Madeleine McCann’s parents have said they welcome the news that Portuguese authorities have declared a German man a formal suspect in her disappearance.
In a message posted on the Official Find Madeleine Campaign Facebook page on Friday, Kate and Gerry McCann wrote: “Even though the possibility may be slim, we have not given up hope that Madeleine is still alive and we will be reunited with her”.
It comes a day after convicted sex offender Christian Brueckner, 44, was declared an official suspect by Portuguese authorities.
We welcome the news that the Portuguese authorities have declared a German man an 'arguido' in relation to the disappearance of our beloved daughter Madeleine
Kate and Gerry McCann
Prosecutors in the Algarve city of Faro released a statement that said, according to a translation, that a person was named an “arguido”, a Portuguese legal designation which elevates a witness to the status of a named or formal suspect.
The statement did not name Brueckner but said the person was made an “arguido” by German authorities at the request of Portugal’s public prosecution service.
Thorsten Stein, a spokesperson for the public prosecutor’s office in the northern German city of Oldenburg, where Brueckner is behind bars for rape, confirmed the prisoner had been told of his new status, according to the German news magazine Der Spiegel.
The Mirror reported that German investigators have since questioned Brueckner over the toddler’s 2007 disappearance at the request of Portuguese prosecutors.
Brueckner has reportedly denied any involvement in the case.
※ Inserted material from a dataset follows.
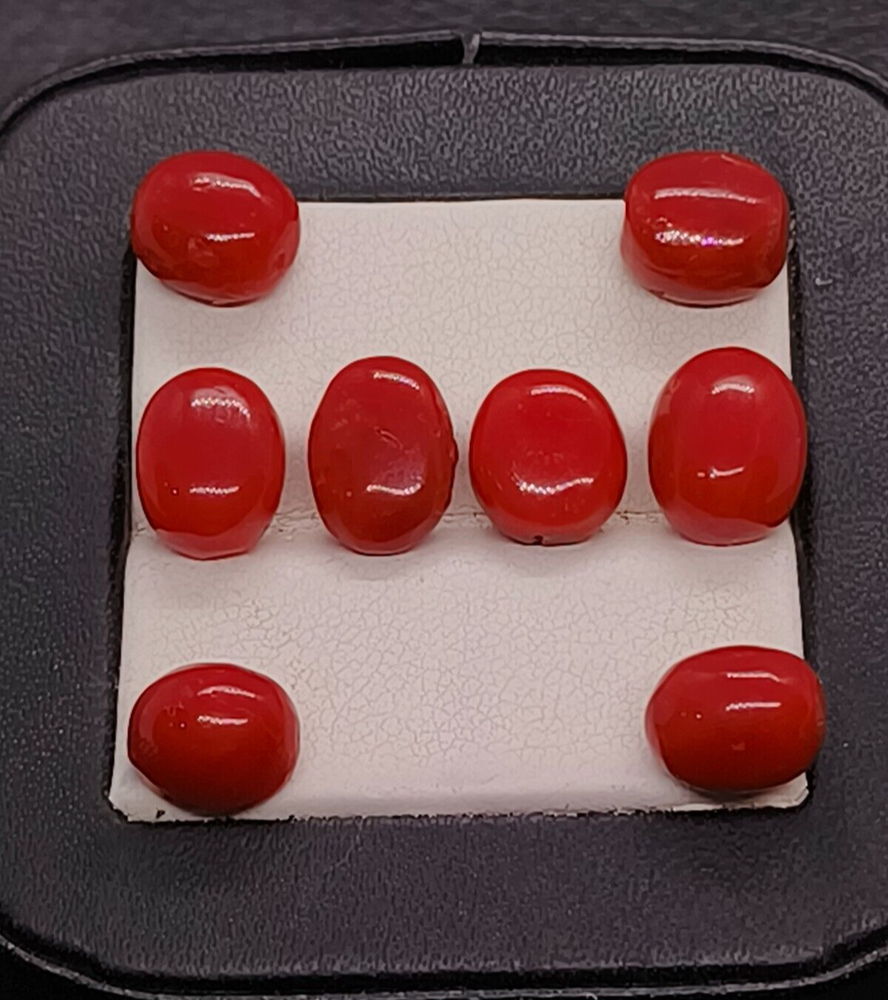 Natural Italy Red Coral Loose Oval Cabochon Lot-Its Genuine Red Coral Gemstone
Kate and Gerry McCann wrote: “We welcome the news that the Portuguese authorities have declared a German man an ‘arguido’ in relation to the disappearance of our beloved daughter Madeleine.
“This reflects progress in the investigation, being conducted by the Portuguese, German and British authorities.
“We are kept informed of developments by the Metropolitan police.
“It is important to note the ‘arguido’ has not yet been charged with any specific crime related to Madeleine’s disappearance.”
Brueckner was identified as a murder suspect by German prosecutors in June 2020, but he has not been charged since then.
Investigators believe the convicted sex offender killed Madeleine, then three, after abducting her from a holiday apartment in Praia da Luz in May 2007.
Jim Gamble, the former head of the Child Exploitation and Online Protection Centre (Ceop) who worked on the investigation into the child’s disappearance, told BBC Breakfast: “Well, this breakthrough could mean everything or it could mean nothing.
“My own gut feeling on it, from the moment the Germans began to release information two years ago, was that this was the best fit.
“You have proximity, you have opportunity, and you have a profile with regards to an offender that absolutely fits in a way that no others have.”
He added: “This is all positive.
“And from my own position, and I wouldn’t be surprised if charges did follow.”
The move by Portuguese authorities could allow Brueckner, who is in prison in Germany, to be transferred to the Algarve for formal questioning.
The German newspaper Bild reported that Brueckner’s lawyer, Friedrich Fuelscher, said the Portuguese decision appeared to be a “procedural trick”.
Reports suggested the move could be linked to the country’s statute of limitations, which does not generally allow crimes which carry a maximum prison sentence to be prosecuted more than 15 years after they were committed.
This would mean Brueckner could no longer be charged in Portugal after May 3.
Brueckner, referred to as Christian B in Germany due to the country’s strict privacy laws, was found guilty in 2019 of the 2005 rape of a 72-year-old US woman in the same area of the Algarve region where Madeleine went missing, and sentenced to seven years in jail, at a court in Brunswick, Lower Saxony.
A federal court in Karlsruhe, a city in south-west Germany, rejected an appeal against the conviction in November 2020.
In Portuguese law, an arguido status can be a preliminary move ahead of an arrest being made or charges brought.
The Metropolitan Police continue to treat Madeleine’s disappearance as a missing persons inquiry.